→ What the exercise asks: The lines to return run from the one containing "(Original X3 Mop) X3" through the end of the material; give them exactly and leave out the pictures.

→ Data for review:
------------------------
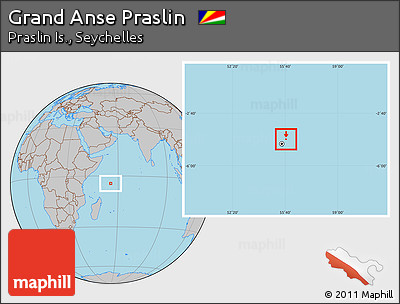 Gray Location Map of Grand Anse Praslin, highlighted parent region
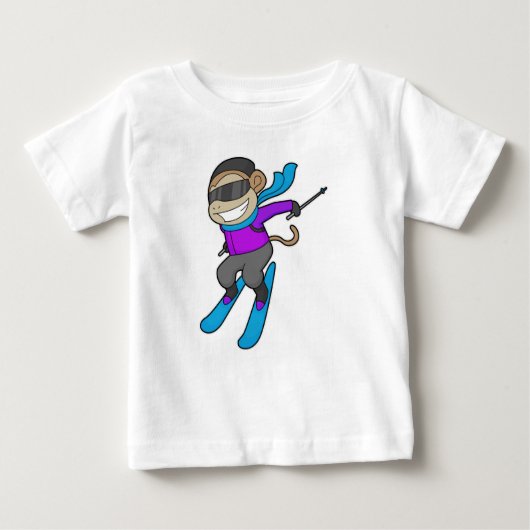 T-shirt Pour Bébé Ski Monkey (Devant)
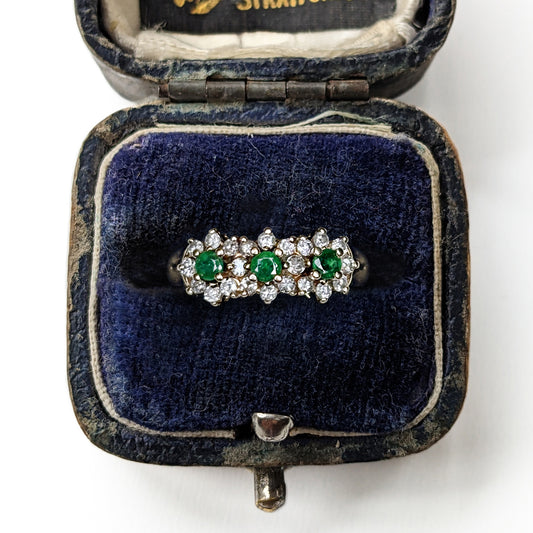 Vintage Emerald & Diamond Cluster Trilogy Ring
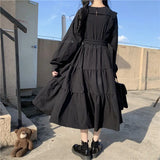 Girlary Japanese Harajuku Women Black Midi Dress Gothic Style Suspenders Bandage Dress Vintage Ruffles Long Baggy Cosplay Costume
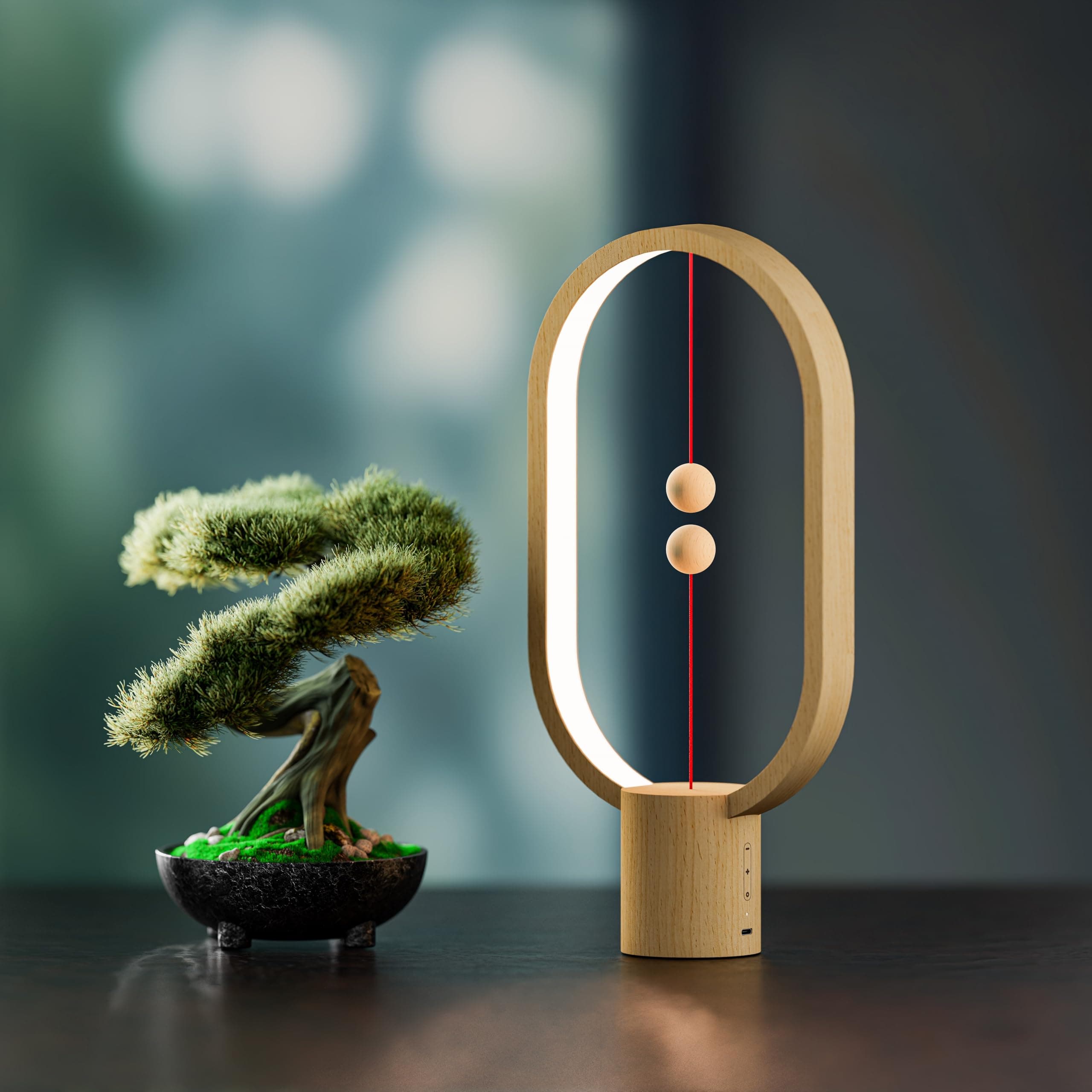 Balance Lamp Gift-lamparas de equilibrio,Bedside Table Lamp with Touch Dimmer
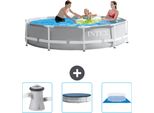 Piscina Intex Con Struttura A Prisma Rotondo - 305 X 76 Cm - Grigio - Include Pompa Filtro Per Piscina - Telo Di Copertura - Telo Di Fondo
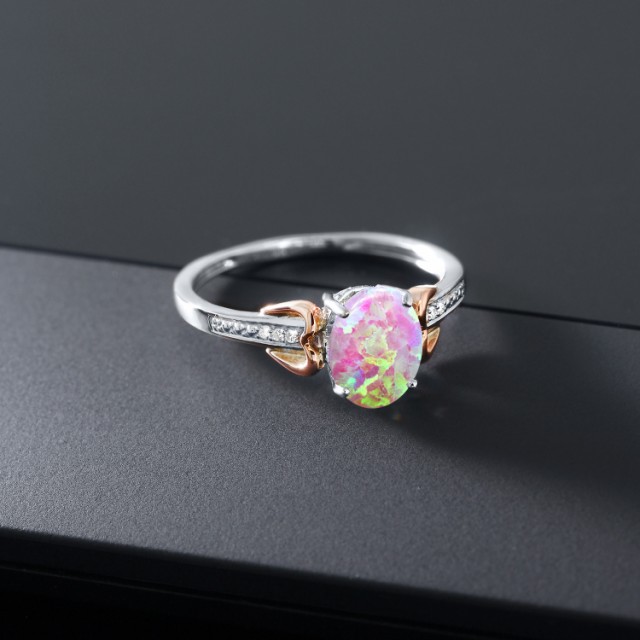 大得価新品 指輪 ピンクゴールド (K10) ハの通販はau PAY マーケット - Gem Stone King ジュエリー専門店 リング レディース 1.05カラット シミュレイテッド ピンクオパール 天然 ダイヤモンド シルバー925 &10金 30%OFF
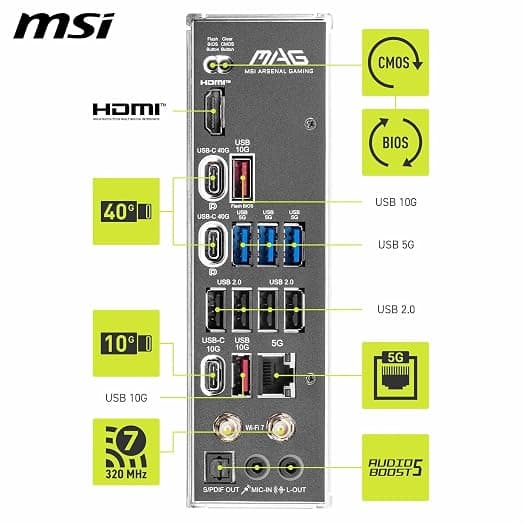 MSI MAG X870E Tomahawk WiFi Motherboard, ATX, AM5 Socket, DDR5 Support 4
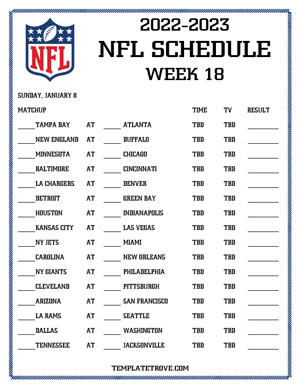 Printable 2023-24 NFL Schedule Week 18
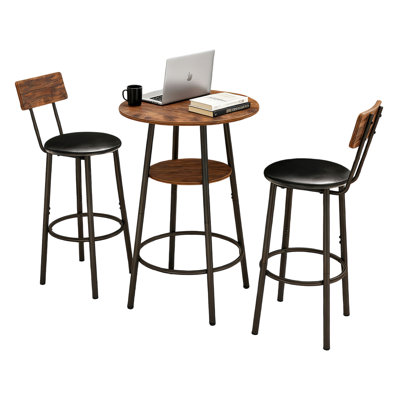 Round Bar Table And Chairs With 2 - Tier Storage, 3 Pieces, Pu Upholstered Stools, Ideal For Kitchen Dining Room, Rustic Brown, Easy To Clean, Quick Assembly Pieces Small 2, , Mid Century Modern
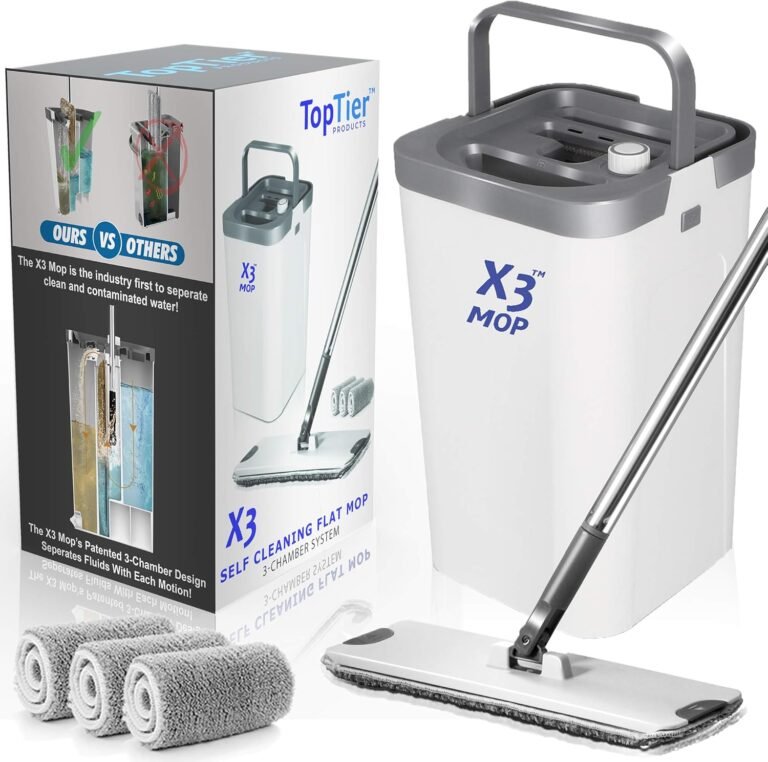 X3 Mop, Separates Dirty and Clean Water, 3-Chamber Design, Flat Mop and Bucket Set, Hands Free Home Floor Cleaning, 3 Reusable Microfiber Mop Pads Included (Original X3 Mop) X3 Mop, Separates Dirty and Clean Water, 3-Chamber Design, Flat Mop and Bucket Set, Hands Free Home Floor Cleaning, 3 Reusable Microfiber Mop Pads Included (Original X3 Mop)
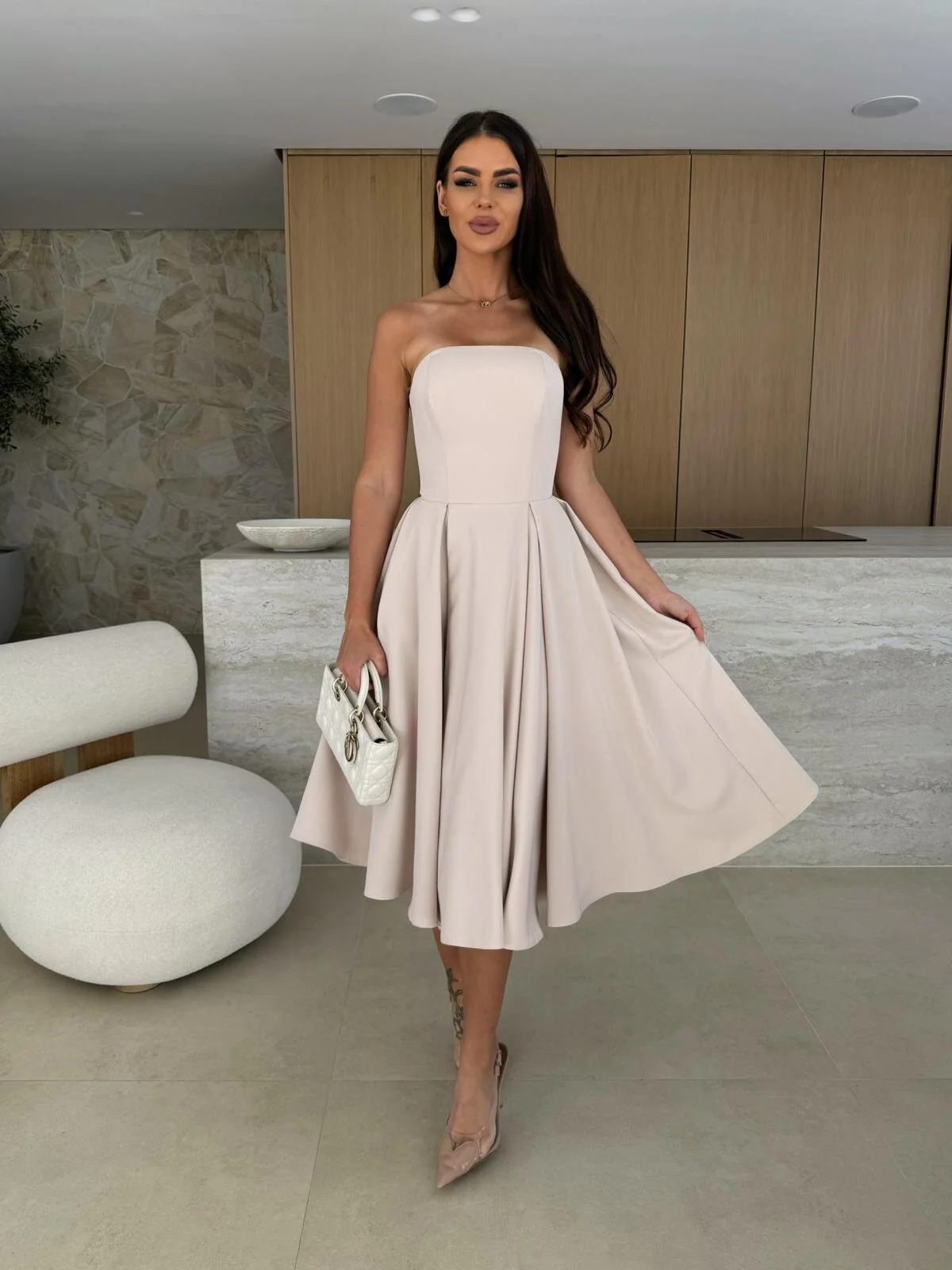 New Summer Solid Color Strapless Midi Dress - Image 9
------------------------
→ Exercise solution:
 X3 Mop, Separates Dirty and Clean Water, 3-Chamber Design, Flat Mop and Bucket Set, Hands Free Home Floor Cleaning, 3 Reusable Microfiber Mop Pads Included (Original X3 Mop) X3 Mop, Separates Dirty and Clean Water, 3-Chamber Design, Flat Mop and Bucket Set, Hands Free Home Floor Cleaning, 3 Reusable Microfiber Mop Pads Included (Original X3 Mop)
 New Summer Solid Color Strapless Midi Dress - Image 9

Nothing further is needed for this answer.